Me miro de reojo en el espejo y me embarga una cierta sensación de pijo.
He quedado a cenar en una ciudad del cinturón industrial de la periferia de Madrid. Pasan las estaciones... Entrevías, El Pozo, Santa Eugenia...de tan triste recuerdo y compruebo que la gente ya ha superado el miedo a las mochilas...Vuelven a casa con aspecto cansado, poco expresivo y macilento (la luz del vagón no favorece la belleza). La fibra sintética se ha convertido en la prenda universal contra el frío.
Una mujer entrada en los 40 me recuerda a una conocida de Gavà: no es ella, habla con un marcado acento del sur.
Nadie tiene cara de leer El Mundo, La Razón o el ABC, a lo sumo la prensa gratuita.
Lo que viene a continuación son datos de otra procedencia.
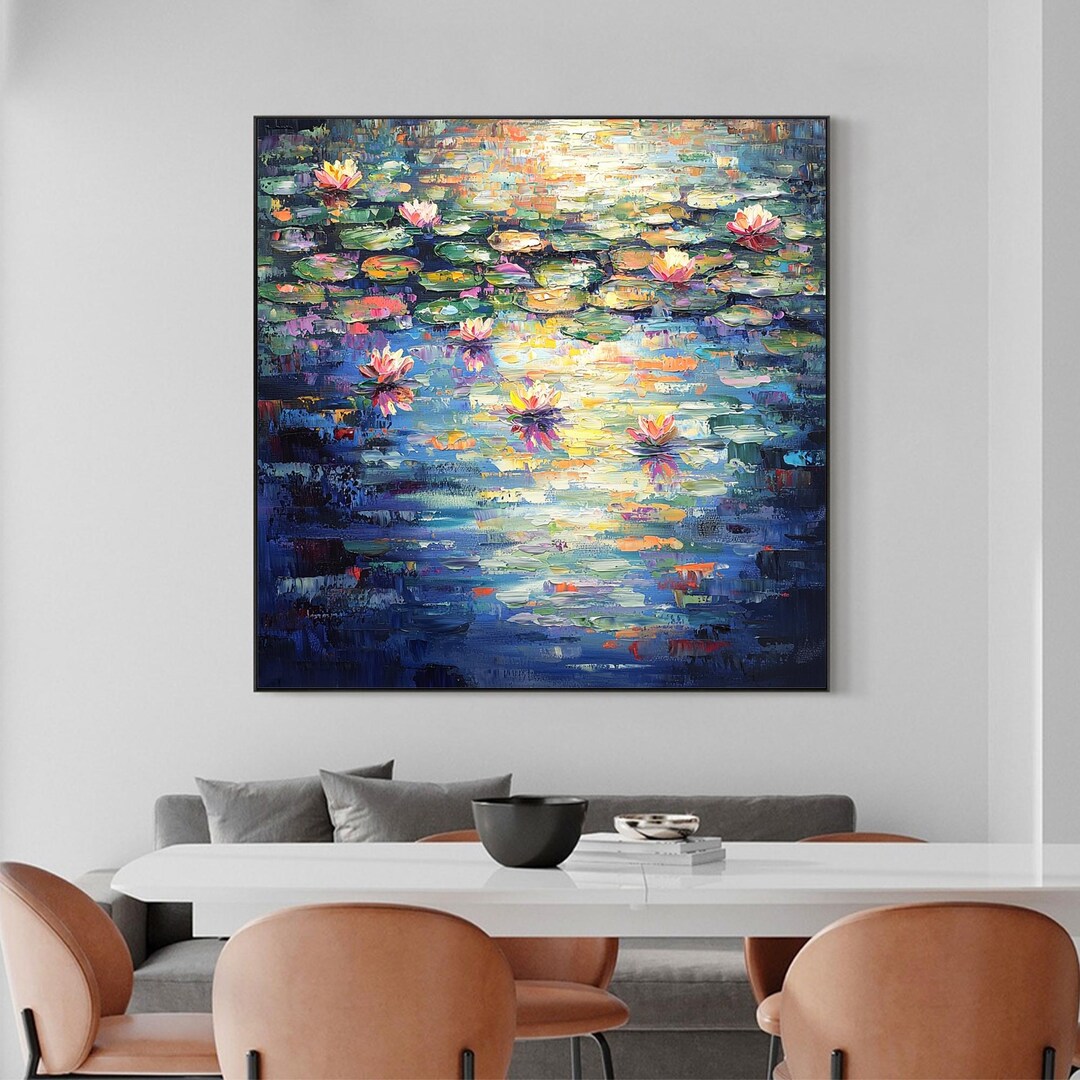 Original Lotus Flower Oil Painting on Canvas, Vibrant Abstract Texture ...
Intento imaginármelos como enemigos de Catalunya, como expoliadores, como agresores de nuestra lengua y nuestras libertades, pero veo sobrevivientes que no saben donde está Mollerusa o Castellar.
Insisto en la búsqueda, no pueden estar lejos, pero veo gente frágil, más bien triste, algunos incluso de los que siempre me han provocado esa mezcla de congoja, de desasosiego y ternura, compatriotas de un pasado de incertidumbre y afán.
Siento que éstos son los míos y de pronto me siento disfrazado y un poco ridículo: o sigues siendo de izquierdas o te estás volviendo gilipollas.
La cena bien, gente encantadora que propone cava para cenar, que siente una envidia sana por los catalanes, que odia a doña Espe y lamenta la incapacidad de los madrileños para articular una alternativa progresista.
Otro día será, pero hoy he sido incapaz de encontrar a los enemigos.